### Task goal
Produce a verbatim copy of the data below that contains no pictures.

### Data below
============================================================

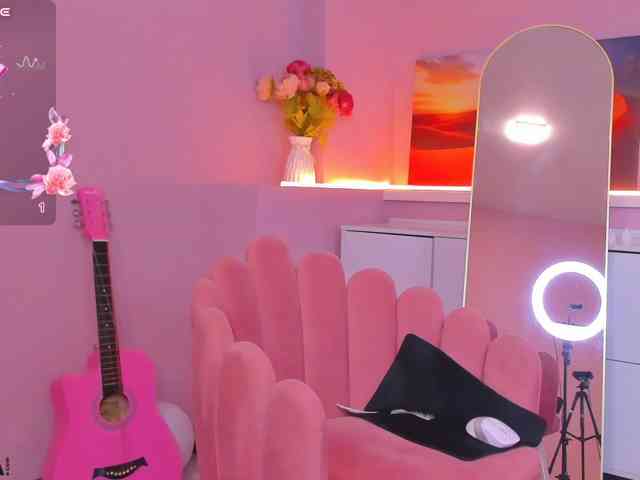 arisollis, live webcam girl, age 18, from Россия, streaming now, chatten, dansen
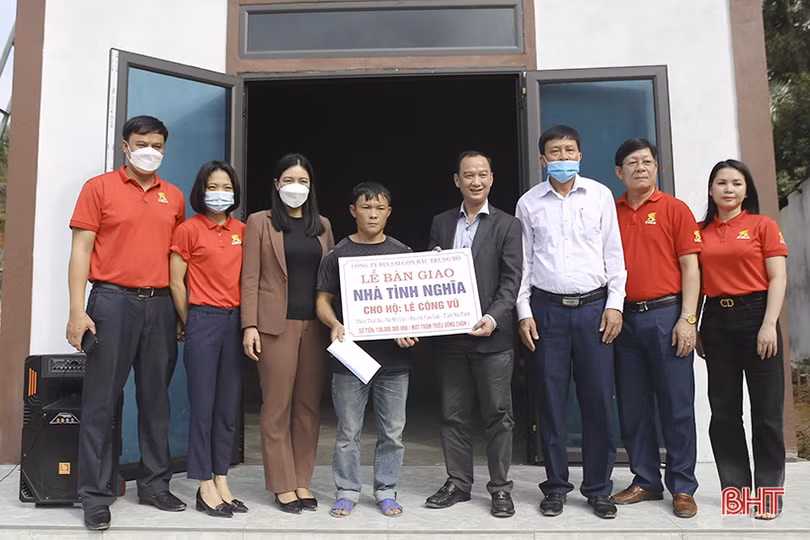 Trao nhà tình nghĩa cho hộ nghèo ở Can Lộc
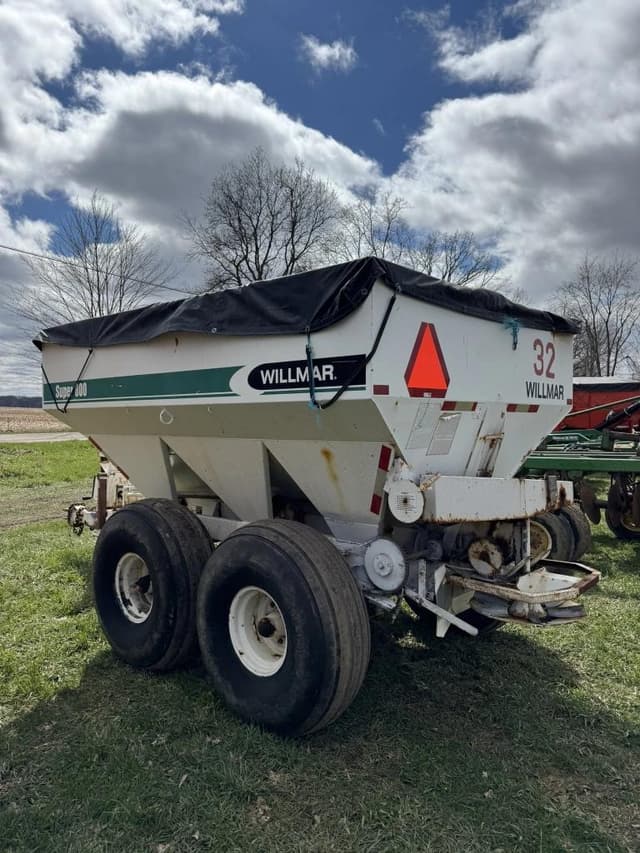 Image of Willmar Super 800 equipment image 4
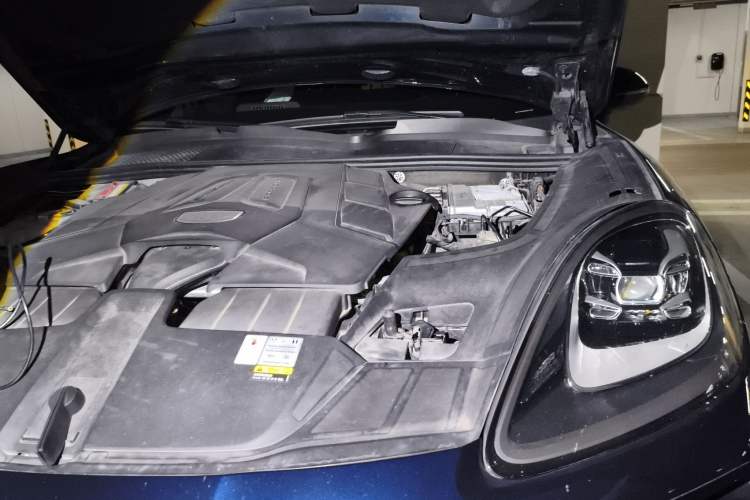 Used Porsche Cayenne 2019 Cayenne 3.0T Engine Bay Left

============================================================

### Completed exercise
 arisollis, live webcam girl, age 18, from Россия, streaming now, chatten, dansen
 Trao nhà tình nghĩa cho hộ nghèo ở Can Lộc
 Image of Willmar Super 800 equipment image 4
 Used Porsche Cayenne 2019 Cayenne 3.0T Engine Bay Left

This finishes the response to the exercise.